To explain, "multi-blocking" is in a similar vein to multi-tasking, but different. It's the (necessary) habit of running multiple, concurrent projects, but letting "blockers" determine which project goals you're actively working towards at any given time. Which is to say, you work on a project until some dependency stops you, then hop onto the next most pressing project that isn't also blocked. You do this kind of task-switching until either every project available to work is blocked or, processes you previously set into motion to unblock other, previously-blocked tasks finally result in one or more of those other tasks unblocking.
Other interruptions to multi-blocking can be "suddenly critical" things that aren't on your project plans being dumped into your lap.
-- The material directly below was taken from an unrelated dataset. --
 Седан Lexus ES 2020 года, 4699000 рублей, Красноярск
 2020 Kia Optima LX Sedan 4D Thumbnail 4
These either get added to the multi-blocking queue or supersede everything in it. The big down-side of this working-model is when you reach a state where you're 100% blocked. Then, it's total frustration time. If this happens frequently enough, or you're given a superseding task that also blocks, it can cause a total freak-out of frustration and denial of satisfaction.
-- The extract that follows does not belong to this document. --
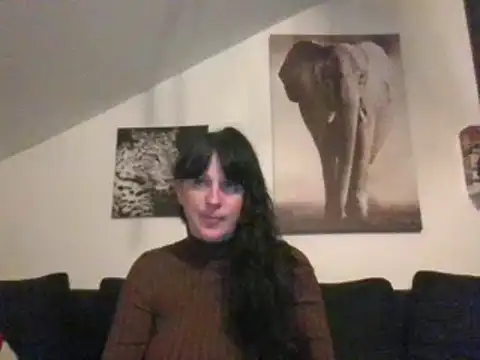 Snapshot of sexujuly88 chatting on September 16, 9:27 pm sexujuly88 online show from September 16, 9:27 pm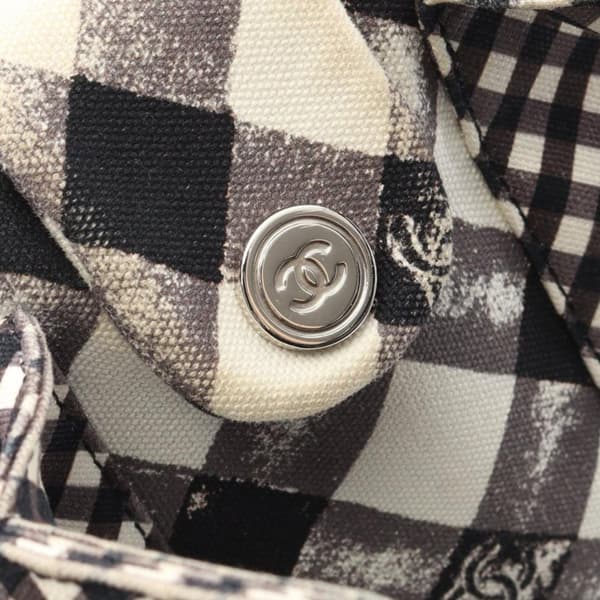 Pre-owned Chanel Small Canvas Printed CC Gingham Handbag Black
Sadly, I find that this is still my primary workstyle. Interestingly, it stands in stark contrast to how a low of my co-workers seem to work. For them, if something blocks, they frequently just sit around until someone higher up from them asks, "what are you working on," at which point they finally reveal, "I'm blocked because of…" at which point the higher-up person finally knows, "oh… apparently I need to help you to get unblocked if I want you to be productive".